Download the SEAB economics syllabus free from the SEAB website and print the content pages so you can write on them. Go down the document line by line and grade every point A, B or C: A means you could explain it from memory with three paragraphs and a diagram, B means you would need a quick recap, and C means you would struggle to start. Mark yourself honestly, because the value is entirely in the honesty. Then revise your Cs first, your Bs next, and leave the As alone. As you do essays and case studies, tick the line items each piece tested, so the sheet becomes a living record of where you are strong, where you are shaky, and what you have actually practised.

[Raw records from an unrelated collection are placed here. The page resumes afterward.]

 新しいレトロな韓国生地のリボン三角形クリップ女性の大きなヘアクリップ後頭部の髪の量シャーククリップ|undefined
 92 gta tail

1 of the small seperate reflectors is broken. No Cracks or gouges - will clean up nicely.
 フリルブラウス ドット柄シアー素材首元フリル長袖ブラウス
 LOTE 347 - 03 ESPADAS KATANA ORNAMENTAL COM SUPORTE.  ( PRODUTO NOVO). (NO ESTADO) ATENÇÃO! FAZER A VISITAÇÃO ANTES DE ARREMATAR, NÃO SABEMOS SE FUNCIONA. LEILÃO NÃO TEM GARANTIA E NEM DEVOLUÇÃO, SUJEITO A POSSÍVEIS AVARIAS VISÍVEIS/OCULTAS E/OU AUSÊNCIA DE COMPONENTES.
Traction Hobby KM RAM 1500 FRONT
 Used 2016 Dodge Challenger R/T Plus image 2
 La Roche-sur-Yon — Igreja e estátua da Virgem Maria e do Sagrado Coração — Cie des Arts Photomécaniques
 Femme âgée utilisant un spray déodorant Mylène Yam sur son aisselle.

Where can I get the A level economics syllabus?
From the SEAB website, free of charge. SEAB is the Singapore Examinations and Assessment Board, the body that sets your A level papers, and it publishes the official syllabus document for each subject, including H1 economics (8843) and H2 economics (9570). Search for the subject code and the current year, download the PDF, and use the version that matches the year you are sitting, because syllabuses are occasionally revised. The content pages, the line by line list of topics and sub topics, are the part you want to print and turn into your checklist. It is the definitive statement of what you can be examined on, and it costs nothing.
How do I know what to revise for economics?

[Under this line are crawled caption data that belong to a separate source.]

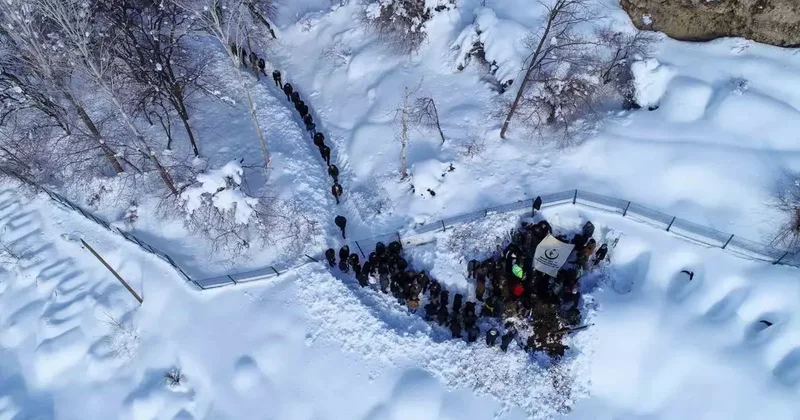 Van’da çığ felaketinde hayatını kaybeden kadın son yolculuğuna uğurlandı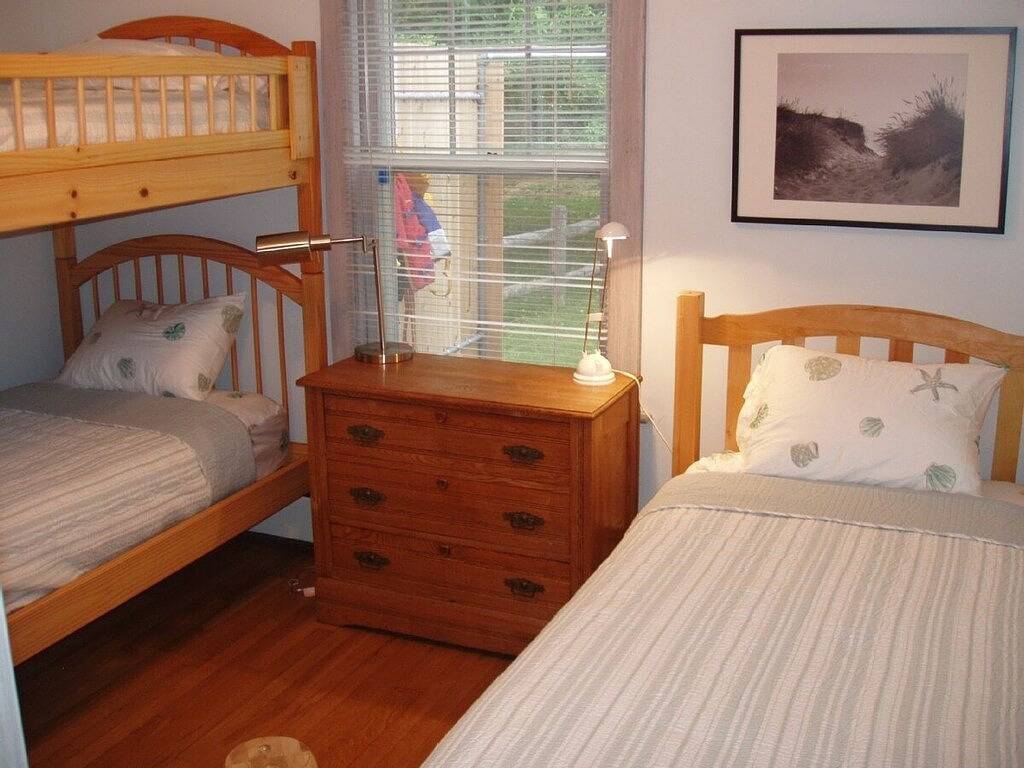 Tolle Aussicht von Long Island Sound! Entspannen, schwimmen, spazieren gehen und spüren Sie die Meeresbrise! in Guilford, Connecticut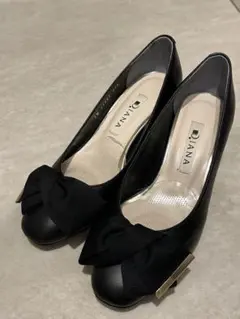 DIANA ブラック リボン付きパンプス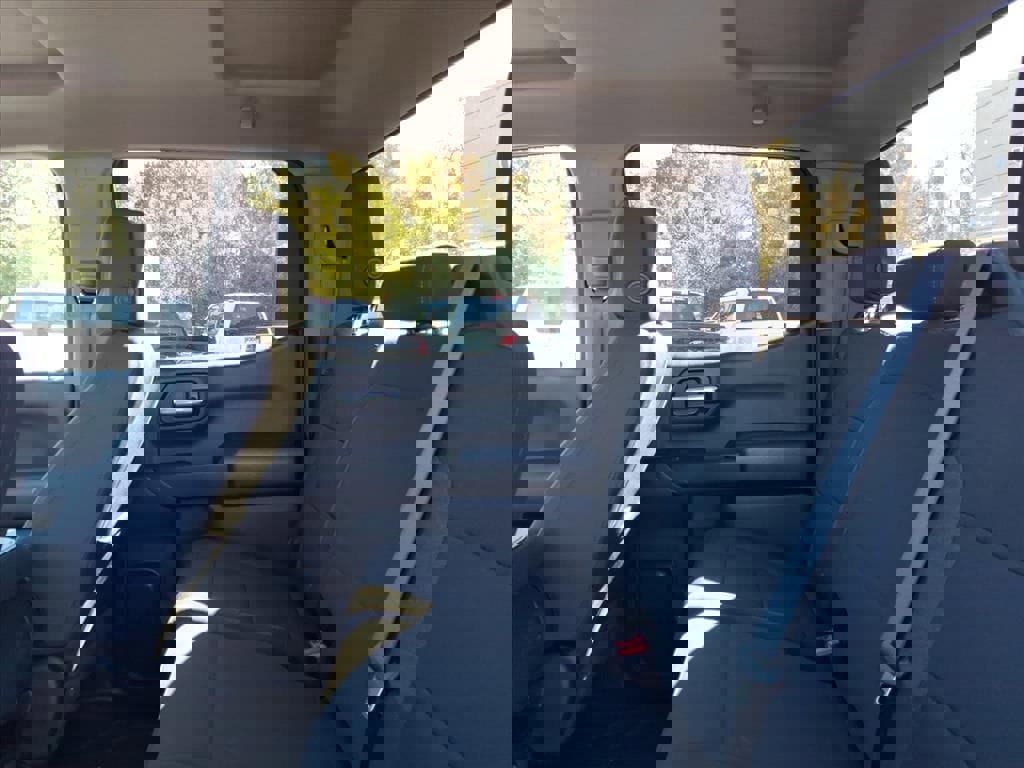 Used 2025 Chevrolet Silverado 1500 Custom image 10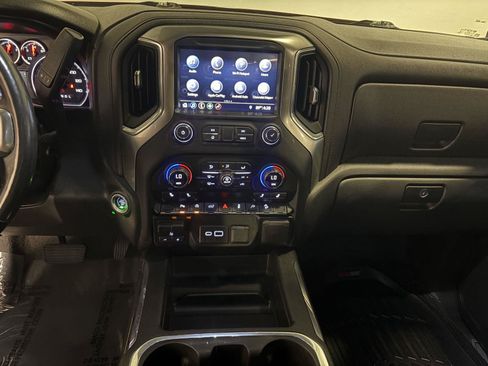Used 2019 Chevrolet Silverado 1500 LT Trail Boss AWD/4WD image 26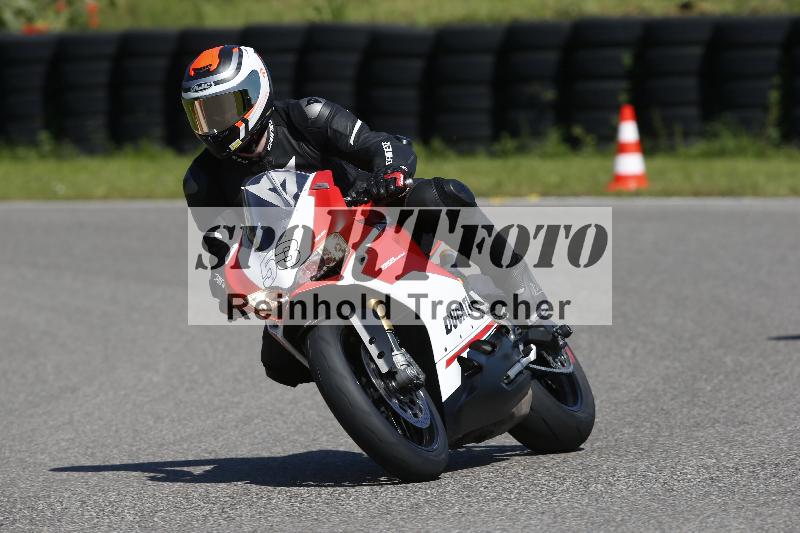 /Archiv-2024/29 12.06.2024 MOTO.CH Track Day ADR/Gruppe gelb/53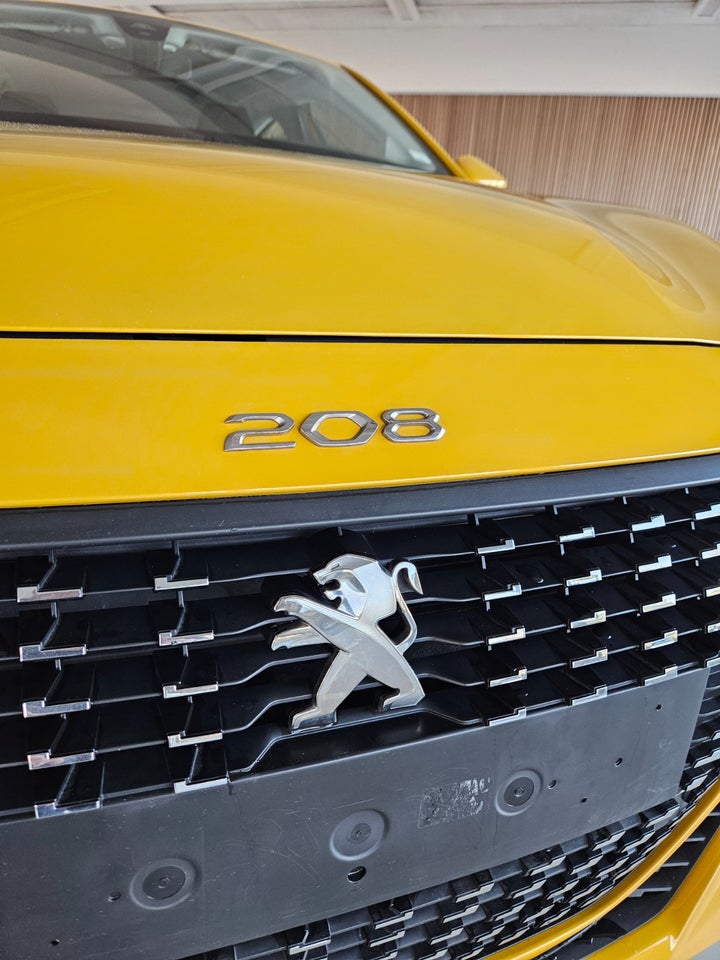 Peugeot 208 1,2 PureTech 75 Active 5d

Let the official syllabus tell you, rather than guessing from your lecture notes. The SEAB syllabus lists every topic you can be examined on, so it defines the full scope of your revision, nothing more and nothing less. Print it, then grade every line A, B or C by how confidently you could produce an answer on it from memory. The Cs are where you should revise first, the Bs next, and the As you can largely leave. This stops you spreading effort evenly across topics you already know and topics you do not, and points your time at the gaps that are actually costing you marks. SEAB sets the paper, so its own document is the most reliable guide to what to revise.

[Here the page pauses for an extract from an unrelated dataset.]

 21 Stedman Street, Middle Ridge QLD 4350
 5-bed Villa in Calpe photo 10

How do I find my weak topics in economics?
Run an honest audit against the syllabus. Print the SEAB economics syllabus and go down it line by line, marking each point A, B or C: A if you could explain it from memory with three paragraphs and a diagram, B if you would need a recap, C if you would struggle to even start. The Cs, and to a lesser extent the Bs, are your weak topics, named precisely rather than felt vaguely. The key is to mark harshly: a topic that feels familiar is not the same as one you can produce under exam conditions, so the test for an A is whether you could write it from a blank page, not whether you recognise it. The honest Cs on your sheet are exactly the topics to revise first.